SJT: What do you like to do when you’re not writing?
MP: My greatest pleasure is my family, hanging out with them. Even when I’m writing, I try to do that—my eldest daughter often accompanies me to the library to read while I write. I’m also a huge soccer fan. I play on two teams and two of my kids play, so watching them gives me a lot of joy. I don’t have a lot of down time, or even time for reading, but I have no complaints about such a full life, I’m really very lucky indeed.

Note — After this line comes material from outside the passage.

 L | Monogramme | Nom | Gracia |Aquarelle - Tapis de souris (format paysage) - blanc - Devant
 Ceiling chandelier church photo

SJT: What’s next for you, writing-wise?
MP: I’m currently working on the sixth book in the Hugo Marston series, and I think my agent is negotiating further books in the series. I’ll focus on those for a bit but I do have a couple of idea for stand-alones that are slowly forming. I hope to find time to work those out, specifically one about a father and son who have to escape some bad guys chasing them across west Texas. I have a title for that book, but the story itself isn’t settled in my mind. Yet. 🙂
Mark Pryor is a former newspaper reporter from England, and now a prosecutor with the Travis County District Attorney’s Office, in Austin, Texas.
He is the author of the stand-alone psychological thriller, HOLLOW MAN, released on September 1 of this year by Seventh Street Books. He is also the author of five novels in the Hugo Marston series, which are set in Paris, London, and Barcelona. The first, called THE BOOKSELLER, was a Library Journal Debut of the Month, and called “unputdownable” by Oprah.com. The fifth was published in June of 2015, and the series was recently featured in the New York Times.
Mark is also the creator of the nationally-recognized true-crime blog ‘D.A. Confidential,’ and has appeared on CBS News’s 48 Hours and Discovery Channel’s Discovery ID: Cold Blood.